**Task requirements**:
Of the entries below, return only those lines from the line with "Divadelné predstavenie s" to the line with "Today we’re at", exactly, both included.

**Dataset**:

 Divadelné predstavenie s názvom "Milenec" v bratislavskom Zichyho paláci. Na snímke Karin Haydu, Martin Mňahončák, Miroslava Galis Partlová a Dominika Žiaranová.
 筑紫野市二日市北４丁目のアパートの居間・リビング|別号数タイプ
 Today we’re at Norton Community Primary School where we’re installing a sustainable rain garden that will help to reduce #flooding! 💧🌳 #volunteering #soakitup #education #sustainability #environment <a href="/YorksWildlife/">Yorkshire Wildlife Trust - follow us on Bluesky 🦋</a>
---
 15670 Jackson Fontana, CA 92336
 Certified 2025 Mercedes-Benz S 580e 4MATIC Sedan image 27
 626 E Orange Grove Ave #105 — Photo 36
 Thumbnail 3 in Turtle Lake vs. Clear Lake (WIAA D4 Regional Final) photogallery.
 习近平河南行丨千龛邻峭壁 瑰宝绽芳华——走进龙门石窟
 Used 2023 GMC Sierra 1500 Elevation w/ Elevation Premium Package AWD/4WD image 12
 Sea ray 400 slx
==
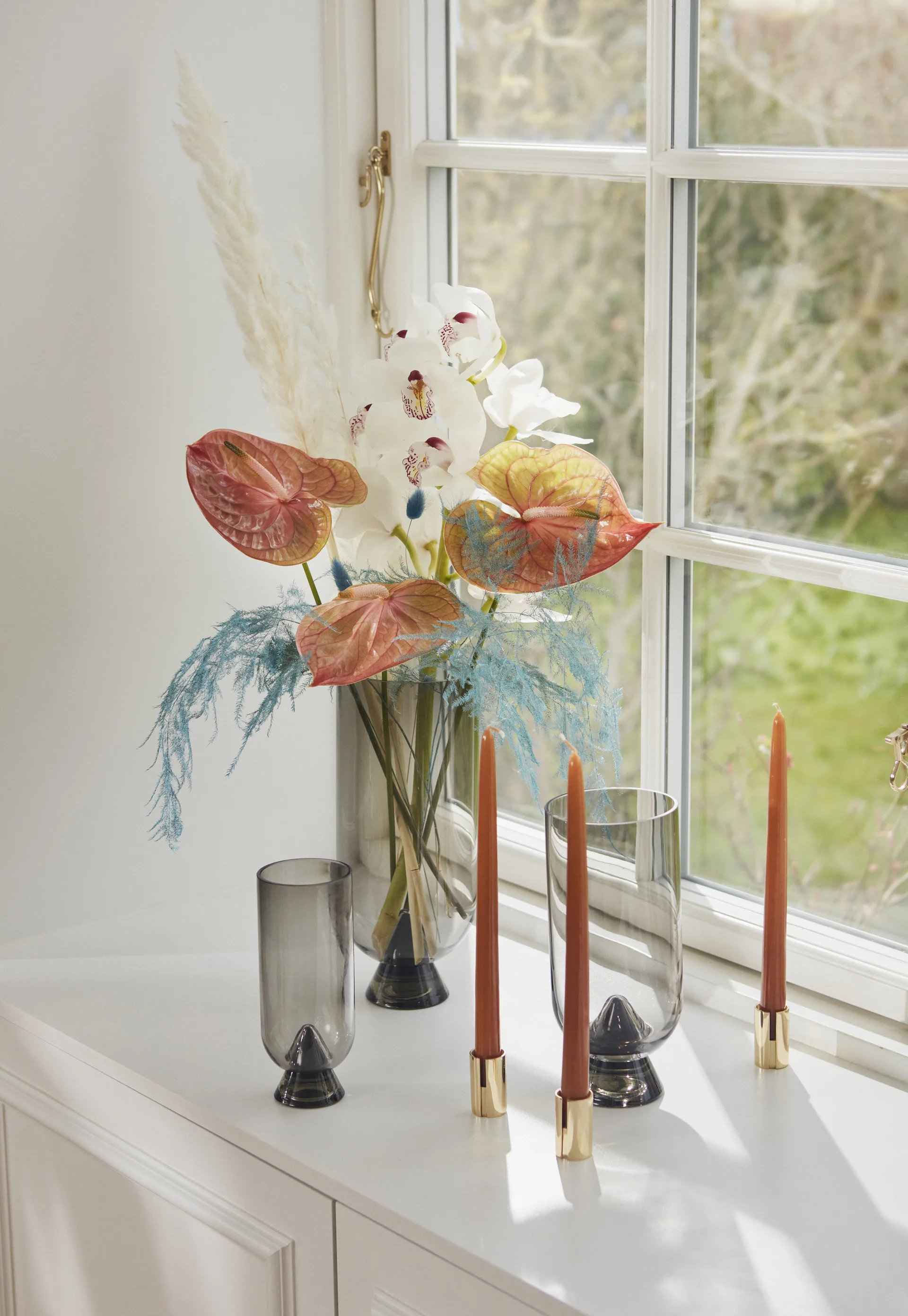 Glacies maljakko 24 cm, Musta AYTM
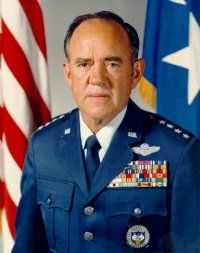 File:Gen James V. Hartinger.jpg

**Response box**:
 Divadelné predstavenie s názvom "Milenec" v bratislavskom Zichyho paláci. Na snímke Karin Haydu, Martin Mňahončák, Miroslava Galis Partlová a Dominika Žiaranová.
 筑紫野市二日市北４丁目のアパートの居間・リビング|別号数タイプ
 Today we’re at Norton Community Primary School where we’re installing a sustainable rain garden that will help to reduce #flooding! 💧🌳 #volunteering #soakitup #education #sustainability #environment <a href="/YorksWildlife/">Yorkshire Wildlife Trust - follow us on Bluesky 🦋</a>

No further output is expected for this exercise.